▼
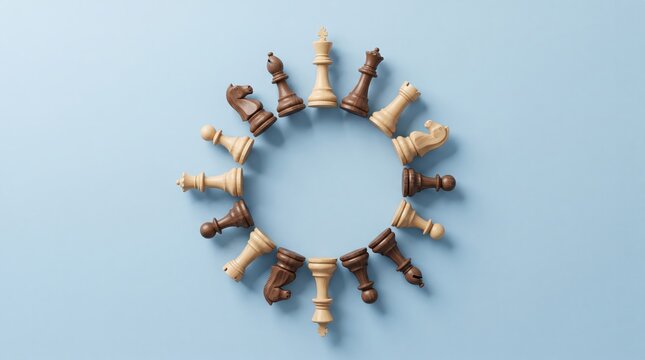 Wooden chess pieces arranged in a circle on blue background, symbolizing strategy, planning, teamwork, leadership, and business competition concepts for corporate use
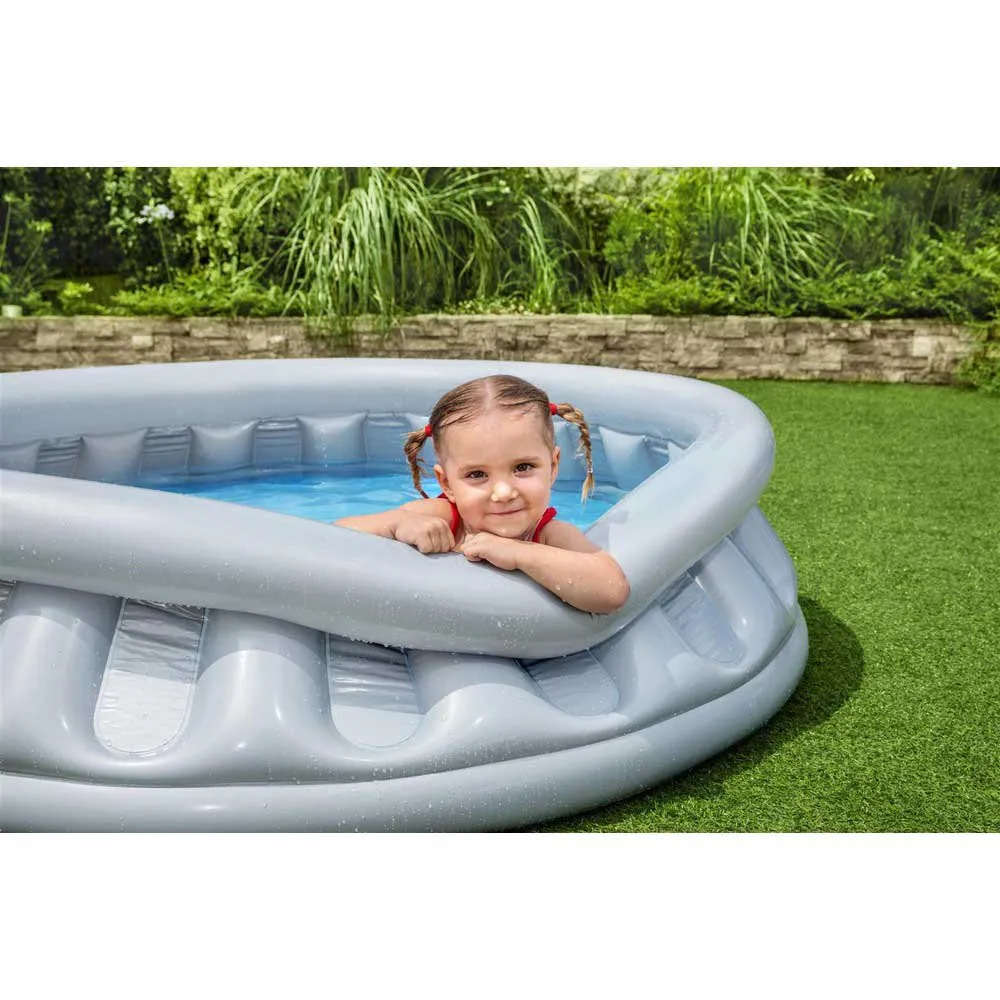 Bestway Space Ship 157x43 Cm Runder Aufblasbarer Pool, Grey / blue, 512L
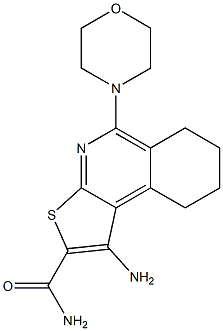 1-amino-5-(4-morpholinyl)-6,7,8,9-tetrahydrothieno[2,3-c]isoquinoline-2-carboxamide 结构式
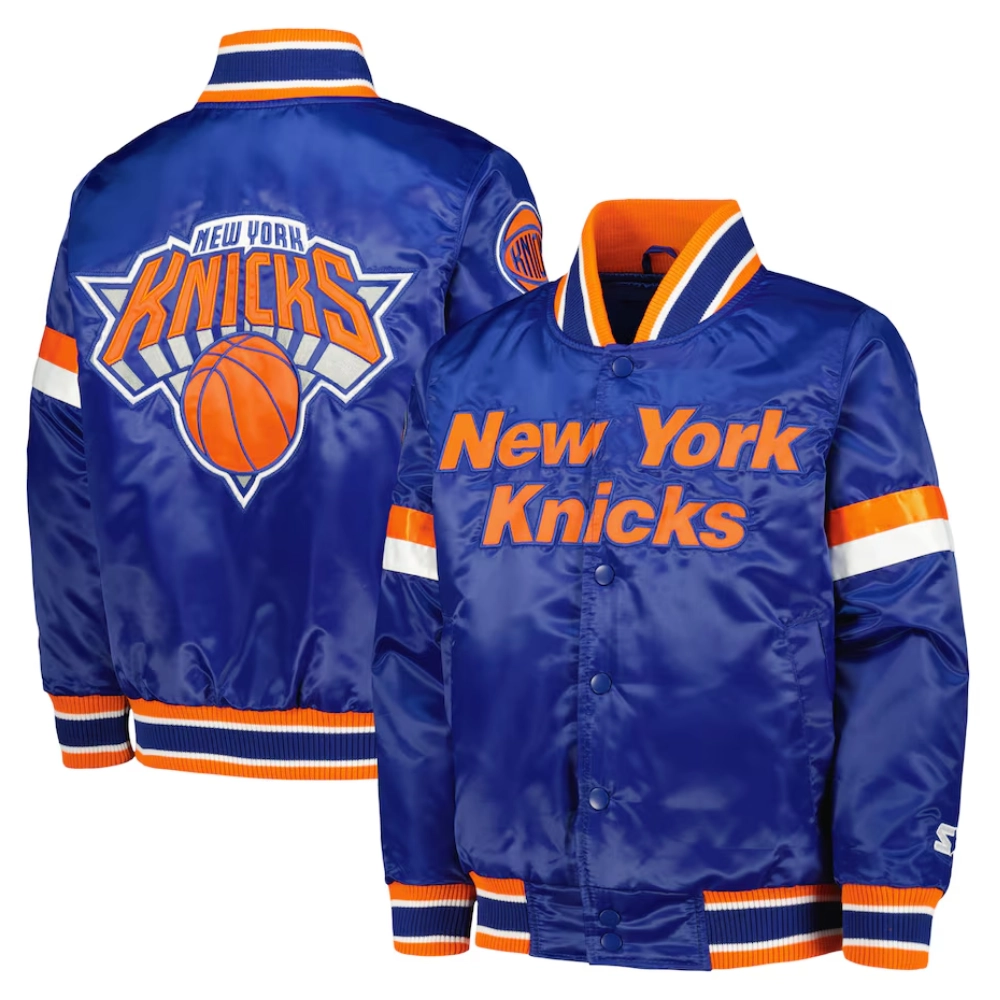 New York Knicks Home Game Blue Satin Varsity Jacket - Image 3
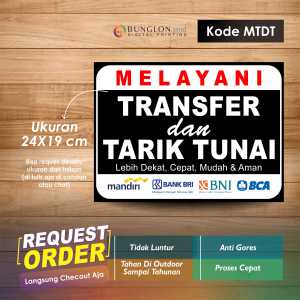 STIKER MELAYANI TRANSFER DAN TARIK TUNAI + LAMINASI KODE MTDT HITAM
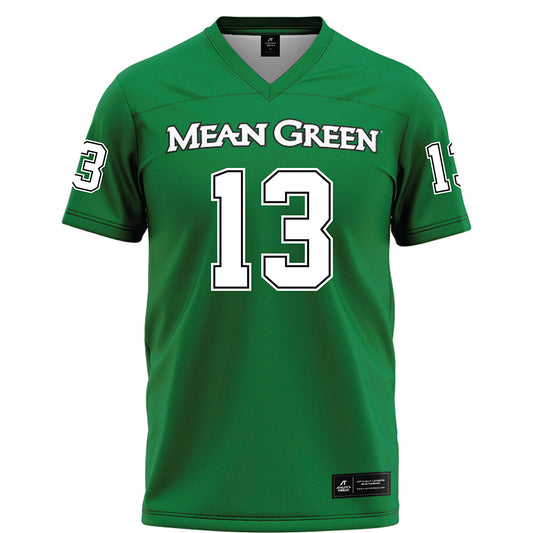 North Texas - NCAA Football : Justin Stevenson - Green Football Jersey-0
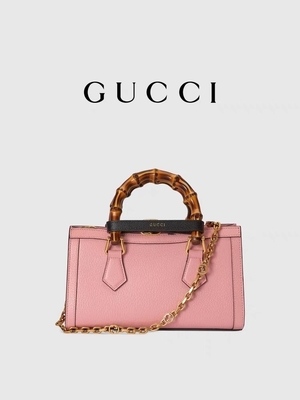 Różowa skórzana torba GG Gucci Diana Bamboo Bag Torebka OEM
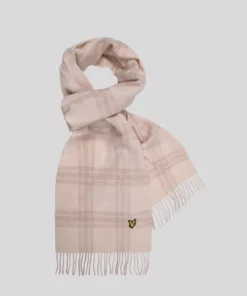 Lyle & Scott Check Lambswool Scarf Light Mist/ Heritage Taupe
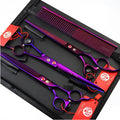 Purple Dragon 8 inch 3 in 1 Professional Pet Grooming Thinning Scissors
▲
A faithful, picture-free copy of the material is what this task asks for.

- **ANSWER FOR THE TASK**:
 Wooden chess pieces arranged in a circle on blue background, symbolizing strategy, planning, teamwork, leadership, and business competition concepts for corporate use
 Bestway Space Ship 157x43 Cm Runder Aufblasbarer Pool, Grey / blue, 512L
 1-amino-5-(4-morpholinyl)-6,7,8,9-tetrahydrothieno[2,3-c]isoquinoline-2-carboxamide 结构式
 New York Knicks Home Game Blue Satin Varsity Jacket - Image 3
 STIKER MELAYANI TRANSFER DAN TARIK TUNAI + LAMINASI KODE MTDT HITAM
 North Texas - NCAA Football : Justin Stevenson - Green Football Jersey-0
 Różowa skórzana torba GG Gucci Diana Bamboo Bag Torebka OEM
 Lyle & Scott Check Lambswool Scarf Light Mist/ Heritage Taupe
 Purple Dragon 8 inch 3 in 1 Professional Pet Grooming Thinning Scissors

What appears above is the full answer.